Título: Risco real
Autor: Míriam Leitao
Fonte: O Globo, 06/11/2005, Economia, p. 34

No mês passado o Banco Central comprou mais de US$3 bilhões para aumentar as reservas cambiais. Fala-se que o Tesouro fará nova emissão. Em lançamentos recentes, aumentou a proteção cambial para o ano que vem. Dificilmente as turbulências de 2006 serão piores do que as de 2002, mas não será uma eleição tranqüila. O risco real do ano que vem não é econômico, é político.

O Tesouro acha que hoje uma das coisas mais fáceis é se financiar no mercado internacional. Mesmo assim, o secretário Joaquim Levy inicia esta semana um road show que o levará a três continentes. Recentemente ele fez visitas às agências de risco para dar elementos ao movimento, já iniciado, de melhoria da classificação de risco-país. O pagamento antecipado ao FMI e ao Clube de Paris faz parte do processo de fortalecimento do país para o ano que vem.

Houve um momento, na última eleição presidencial, em que o Banco Central não conseguia vender título algum para além de dezembro de 2002, o dólar disparou, as empresas não conseguiam rolar seus empréstimos no exterior. Que risco há de que isso se repita no ano que vem?

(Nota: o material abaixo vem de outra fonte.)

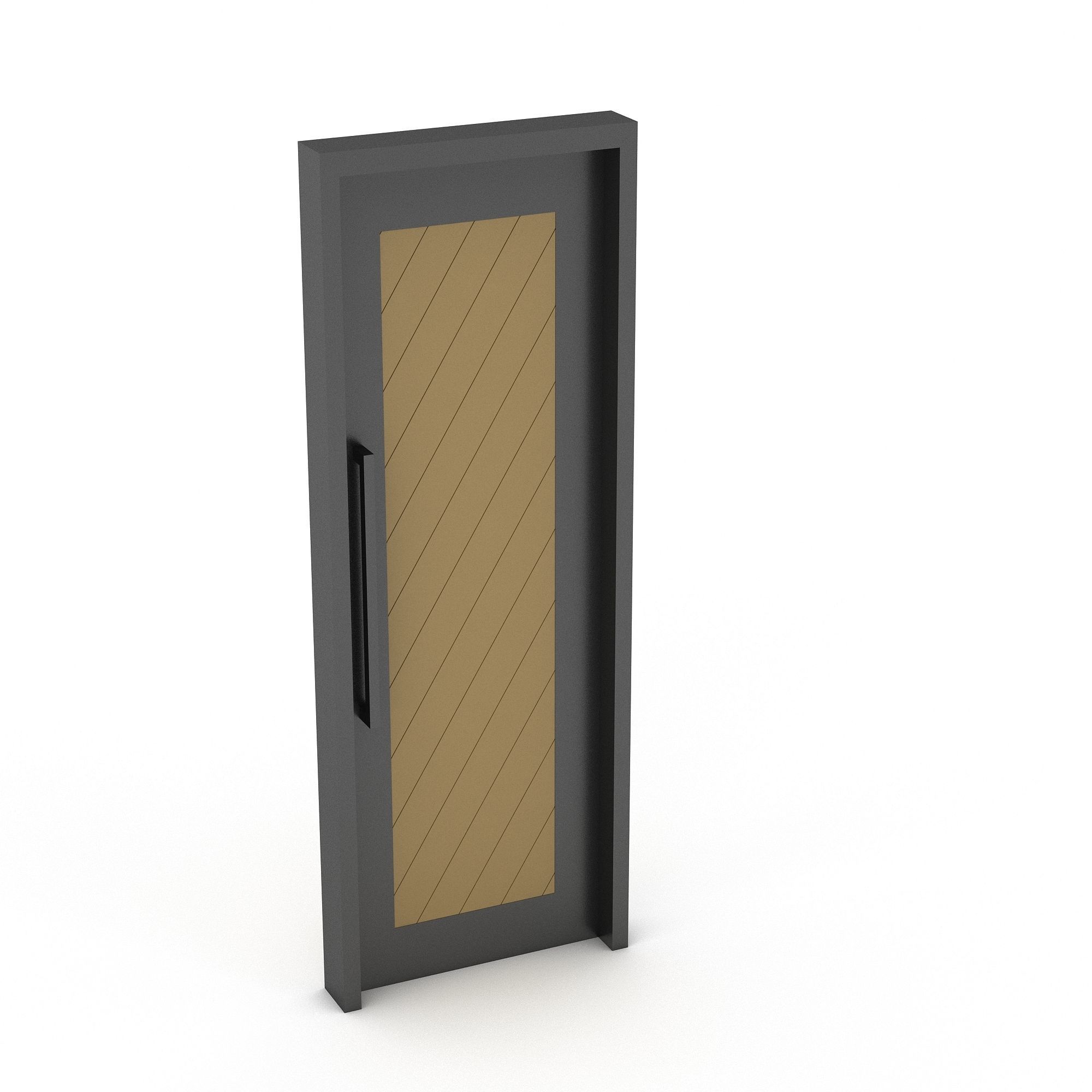 3D model modern office door Low-poly 3D model_1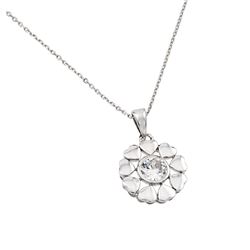 Sterling Silver Rhodium Plated Heart Circle Chain with Clear CZ stone Center Pendant Necklace bgp008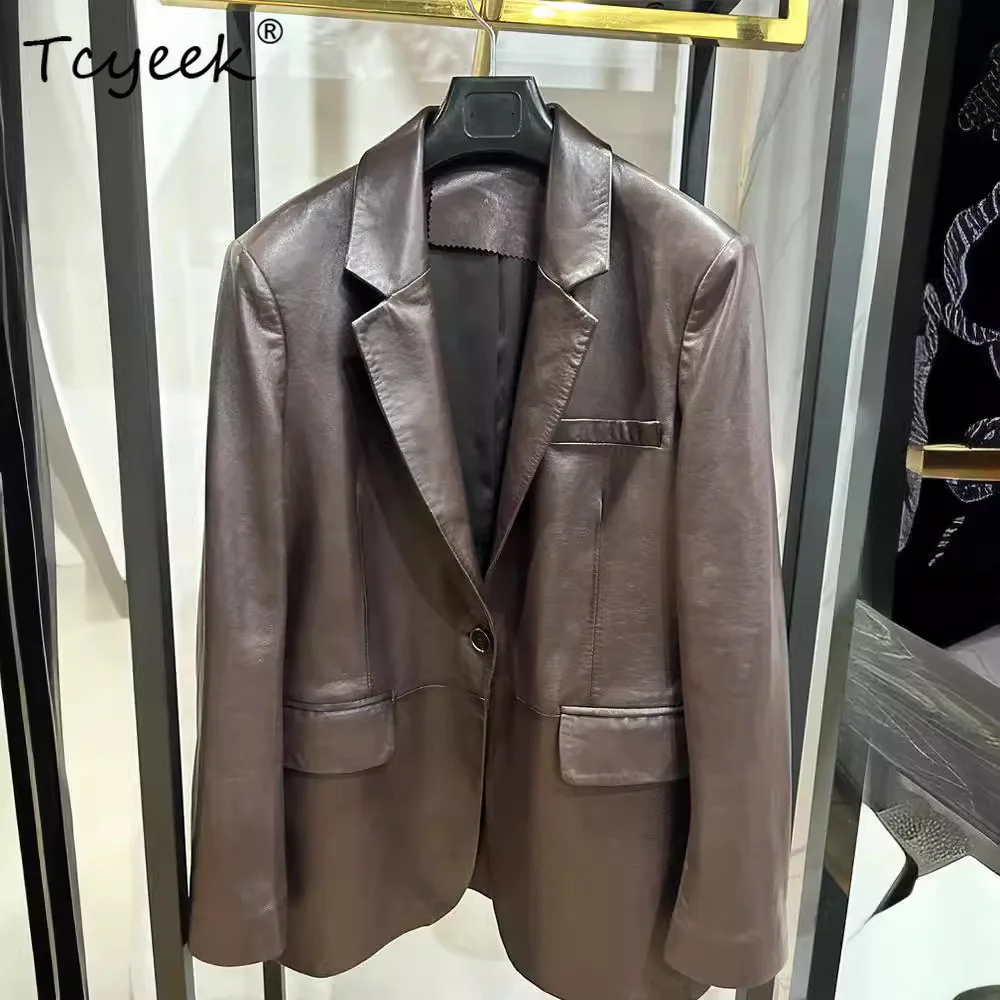 Tcyeek peau De mouton printemps automne Vintage costume col couleur unie femmes en cuir véritable veste Jaqueta De Couro légítimo Feminina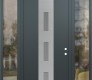 Modern Steel Front Door DIAMOND A7 60" X 96" ANTHRACITE/ANTHRACITE FROSTED GLASS PANEL STAINLESS STEEL LHI WITH 2 SIDELITES AND TRANSOM CLEAR GLASS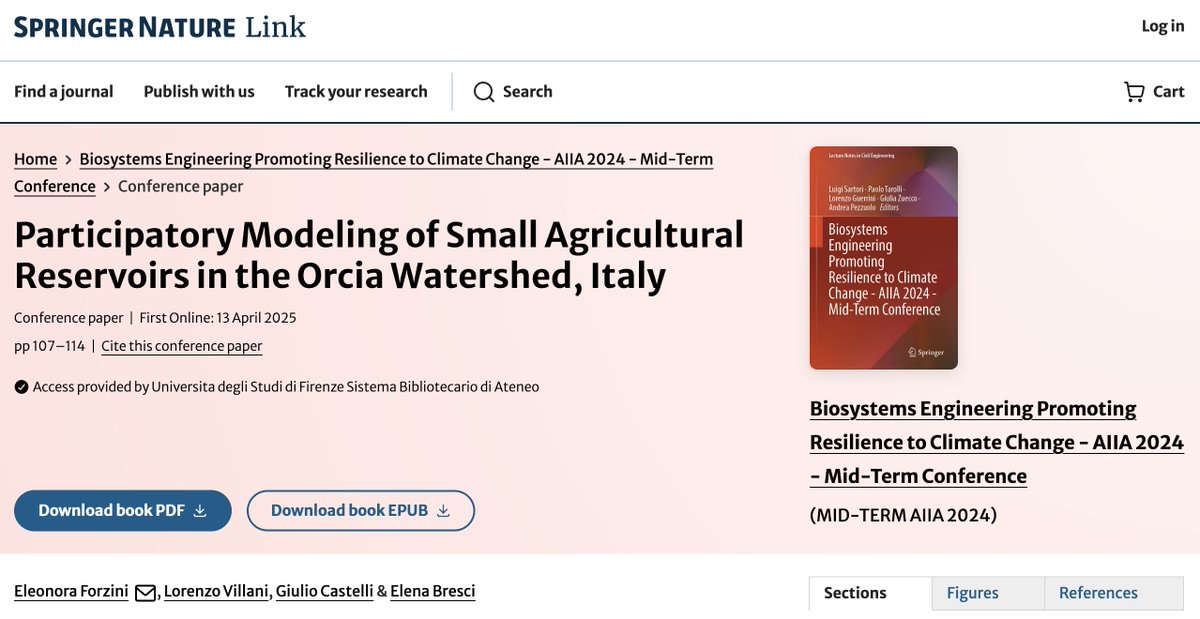 New paper from our #Italian #LivingLab:
Participatory Modeling of Small Agricultural Reservoirs in the Orcia Watershed, #Italy

The initial phases of the co-creation approach are described, leading to a co-developed hydrological model of #ValdOrcia

link.springer.com/chapter/10.100…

É difícil imaginar que haverá a mesma tsunami. O Brasil está com 2% do PIB de superávit em transações correntes, no terceiro ano consecutivo de resultado positivo nessa conta, a moeda subiu 16% no ano, o superávit primário do ano que vem está mantido pela Lei de Diretrizes Orçamentárias (LDO) em 4,25%. Será o oitavo ano de superávit primário. A balança comercial deve ser um pouco menor, mas o país estará no sétimo ano seguido de resultado positivo no comércio. A inflação carregará menos pressão de 2005, pela queda do IGP-M. Mesmo que os reajustes de tarifas tenham razões que a própria inflação desconhece ¿ como se viu agora no reajuste autorizado para a Light ¿ haverá menos pressão de preços administrados.

Em tese, o que é sólido pode se desmanchar no ar rarefeito que deve tomar conta do Brasil nesta disputa eleitoral. Mas não completamente. A economia brasileira está mais forte e a economia mundial continua bem. O risco desta vez não é o mesmo da última eleição. Mas há riscos. O ano que vem será pior do que o de 2005, que poderia ter sido bem melhor do que foi. Haverá momentos de tensão, o dólar ficará mais pressionado e haverá dias de incerteza.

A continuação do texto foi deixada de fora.